United States v. Fieger (officially the United States of America v. Geoffrey Fieger, Vernon Johnson) was a 2008 federal trial of famed lawyer Geoffrey Fieger, who was indicted on charges of violations of the Federal Election Campaign Act, making false statements, and obstruction of justice. Vernon Johnson, a fellow law firm partner, was a co-defendant in the case. The charges were brought in relation to the John Edwards 2004 presidential campaign.

After four days of deliberations, the jury found Fieger not guilty on all ten charges, and Johnson was found not guilty of the five charges he was indicted on.

Fieger was notably represented by famed lawyer Gerry Spence.

==Background==
It was alleged that the Fieger and Johnson used 60 straw donors to make contributions in the then-maximum allowable amount of $2,000 per donor. Geoffrey Fieger is best known for representing doctor Jack Kevorkian. Vernon Johnson was his law firm partner.

Prosecutors alleged that the conspiracy occurred from March 2003 to January 2004. Assistant U.S. Attorney Lynn Helland, the chief of the Special Prosecutions Unit of the E.D. Mich, served as prosecutor, with M. Kendall Day also prosecuting the case. A grand jury issued 40 subpoenas, while around 80 FBI agents raided Fieger's law firm.

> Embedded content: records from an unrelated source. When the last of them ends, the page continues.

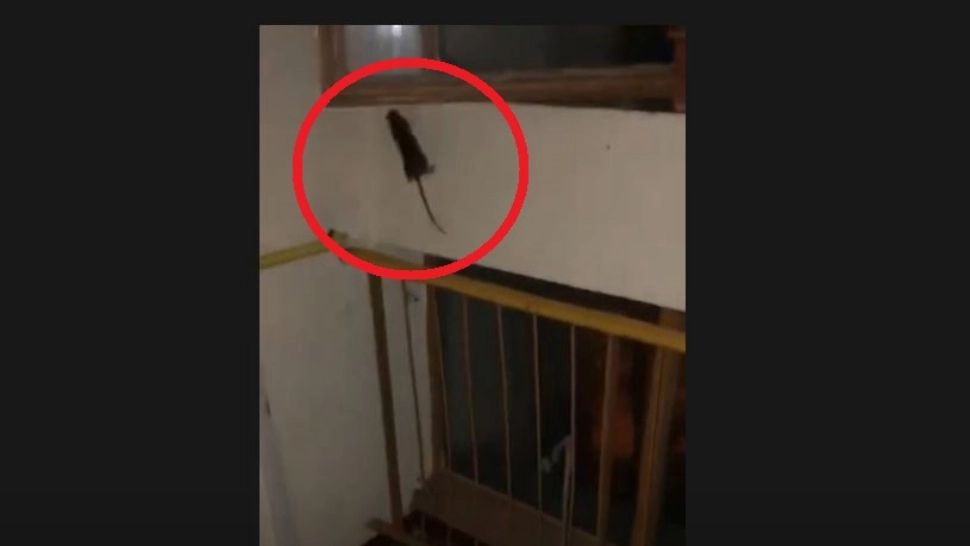 VIDEO - Bloc invadat de șobolani - Imagini revoltătoare, greu de privit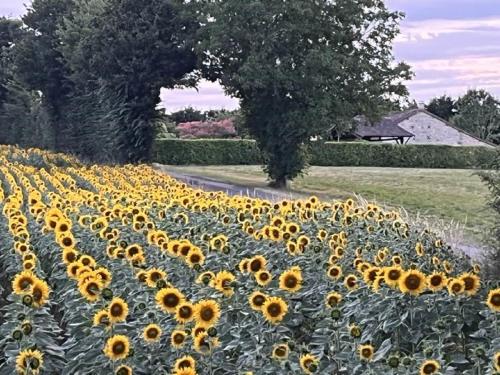 un grand groupe de tournesols dans un champ dans l'établissement Maison M, à Surin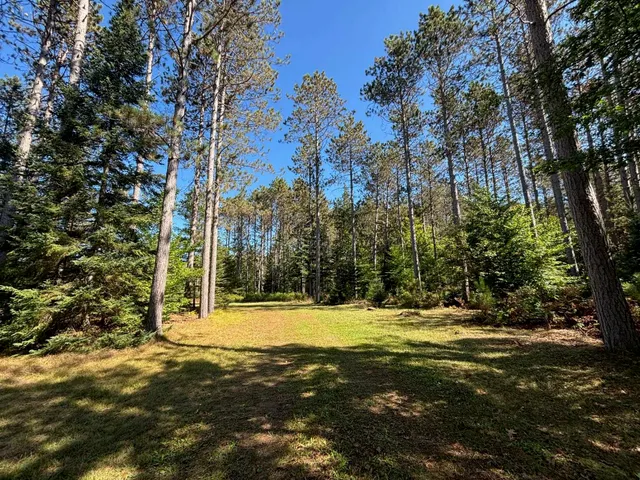 $365,000 | 16961 National Forest Road 2618, Townsend, WI 54175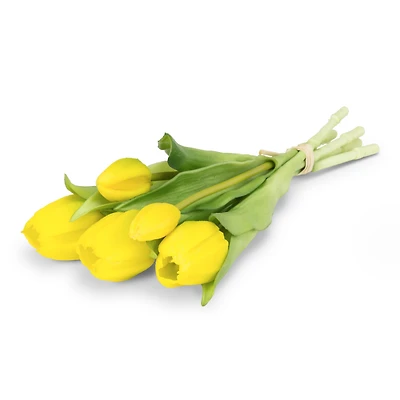 Tulipes réalistes - Jaunes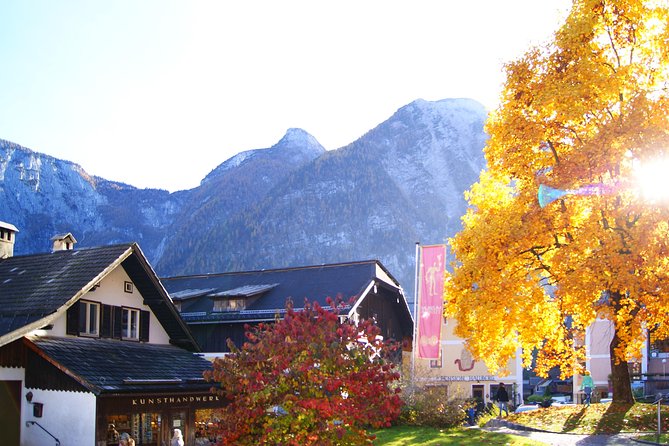 Hallstatt Guided Day Trip from Vienna With Boat Ride Option - Why Hallstatt is worth the long ride from Vienna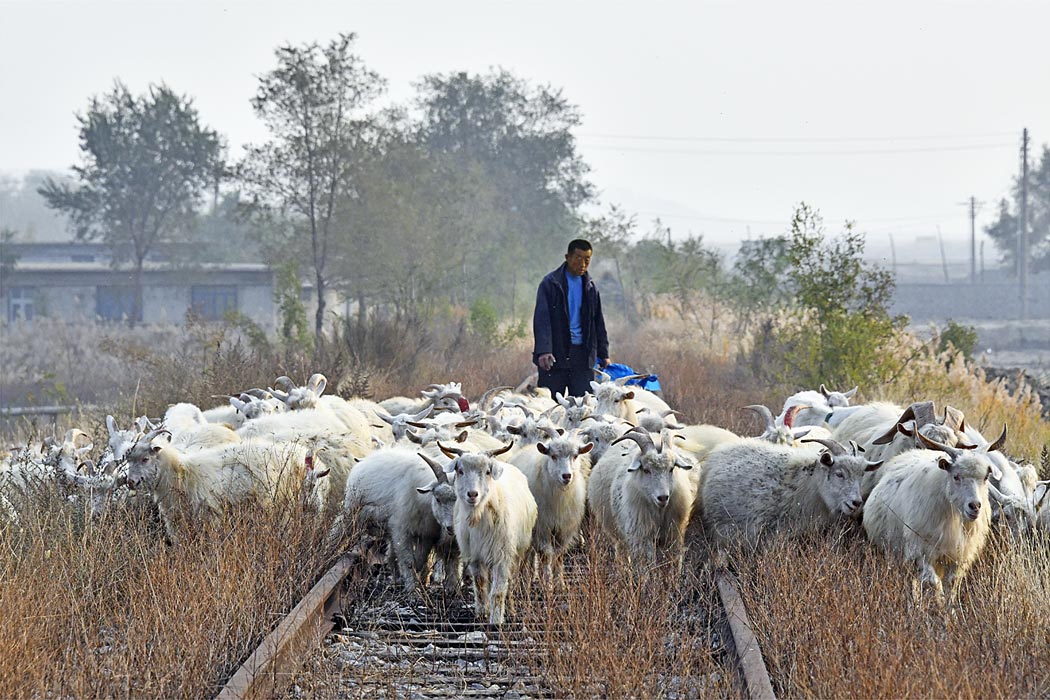 #私が見た中国
私の場合、線路際で撮った写真投稿が多くなってしまいがちです。

【その２】
遼寧省 瓦房店市にある 大連塩化（金城分公司）。
かつては 工場につながっていた 標準軌の廃線跡で、アンダークロスする 塩の列車の通過を待っていると、先に やってきたのは 羊の群れだった。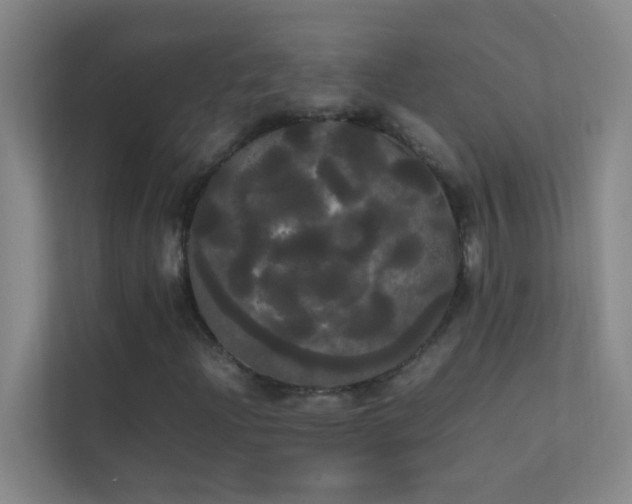 X0000113851204200909241240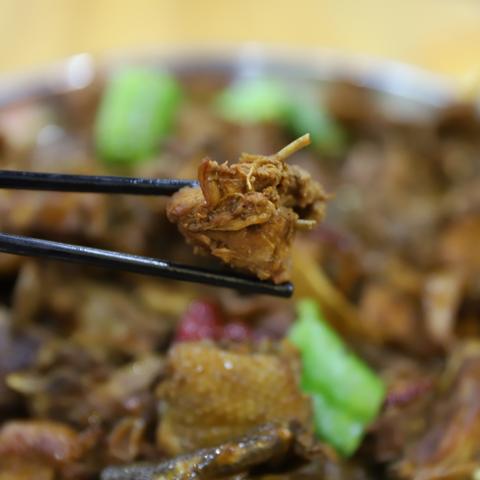 滨州毛鸡行情最新价格解读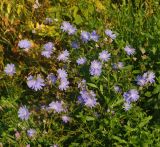 Cichorium intybus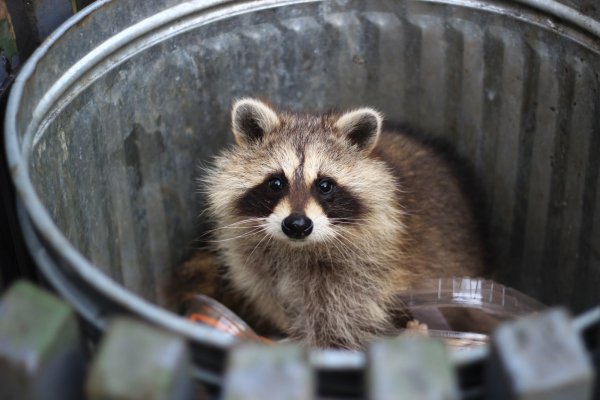 Urban Raccoons May Be Adapting to Look Like Pets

Fieger was indicted on five counts of violations of the Federal Election Campaign Act, four counts of making false statements, and one count of obstruction of justice. Johnson was indicted on three counts of violations of the FECA, and two counts of making false statements.

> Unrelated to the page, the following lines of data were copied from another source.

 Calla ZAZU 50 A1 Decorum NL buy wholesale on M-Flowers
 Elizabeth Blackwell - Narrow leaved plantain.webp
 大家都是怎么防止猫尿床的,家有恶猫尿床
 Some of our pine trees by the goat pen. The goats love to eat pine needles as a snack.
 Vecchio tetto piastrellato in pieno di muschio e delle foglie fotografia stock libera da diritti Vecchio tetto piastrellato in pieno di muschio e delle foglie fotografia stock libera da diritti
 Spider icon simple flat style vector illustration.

Fieger faced up to 55 years in prison and fines up to $2.5 million if convicted on all 10 charges.

==Trial==

The trial lasted for eight weeks. Testimony itself lasted for 18 days, with jurors deliberating over four days. Fieger and Johnson were both acquitted of all charges.

Spence argued that his client did not know that he was violating the law, and stated that "people should not be charged with felonies when they did not knowingly and willingly violate the law".

Some jurors suspected political motivation as the reason for the prosecution. Peter Margulies, a law professor, called the prosecution "overkill" by the government, stating the reason the jury acquitted Fieger was due to them believing that the government had overreached, acted without an appropriate sense of proportion, and did not prove that Fieger's intent was to deceive.